The opinion—negotiated for months with city and Bloomberg LP lawyers—then picked a number out of a hat, saying that a customer would have "to constitute 10 percent or more of Bloomberg LP total sales" to trigger any conflict concerns and force the mayor "to seek further advice" from the COIB. Since this requirement remains in place today when revenues exceed $6 billion, a customer could do more than half a billion dollars' worth of business with Bloomberg LP and still walk into the mayor's office to get a land use or contract approval without tripping an alarm. Discussions with COIB staff turned up no rationales for the 10 percent threshold, and the opinion allows Bloomberg to police this vast and potentially troublesome terrain himself.
In 2002, Bloomberg told the COIB that the largest customer on the list accounted for less than 4 percent of total revenue, but no one knows how much that might have changed since then. (When the board got a fresher list of the top 100, still unranked, in December 2007, it says it mistakenly forgot to post it.) Bloomberg LP customers like Goldman Sachs, Bear Stearns, AIG, Citigroup, Credit Suisse, Deutsche Bank, HSBC Bank, J.P. Morgan Chase, Lehman Brothers, Bank of New York, Tullett & Tokyo, Morgan Stanley, GFI, State Street Bank, and Merrill Lynch have all hired lobbyists to lobby the Bloomberg administration, with several specifying the mayor's office. Of the 124 companies on one or both of the Bloomberg LP lists, 33 appear on the Campaign Finance Board's list of companies doing business with the city.

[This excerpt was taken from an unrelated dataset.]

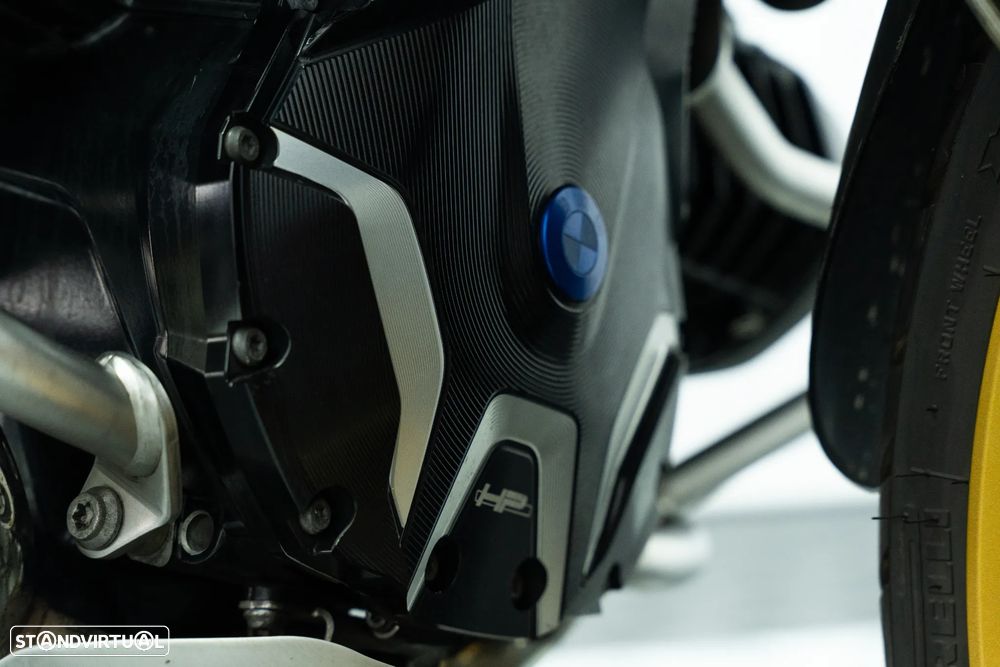BMW R 1250 GS HP - 10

Citigroup, which was the only other office tenant in the Bloomberg LP headquarters building and is now subleasing its vacated space to Bloomberg LP, even lobbied City Hall—and Doctoroff, in particular—on behalf of the Alternative Investments Group, the very unit located in the Lexington Avenue tower. Goldman Sachs had so many issues before the administration that it took seven pages to list its lobbying activities in the city clerk system (it spent almost a million dollars). When the city and state approved $1.6 billion in low-cost, tax-exempt bonds for Goldman's new downtown headquarters in 2005, Doctoroff justified it by saying that Wall Street's top firm might otherwise leave the city. Last year, the Daily News editorialized that Bloomberg was "taken to the cleaners" in the Goldman deal. The city and state "are in line to forfeit a whopping $321 million to Goldman because the governor and mayor agreed to contract terms that were downright foolhardy." Because of the meager demands of the COIB opinion, no one knows how big a Bloomberg customer Goldman was when it won this largesse.
The botched and deadly demolition at the Deutsche Bank site had been rushed by Doctoroff to clear the way for a new headquarters for another Bloomberg LP client: J.P. Morgan Chase. While the Goldman and Morgan projects are unquestionably projects any city administration would support, their worthiness is irrelevant to the conflict questions, which revolve around the appearance of impropriety at the highest levels of administration, the core question that the COIB routinely deals with aggressively when it fines lower-level city officials.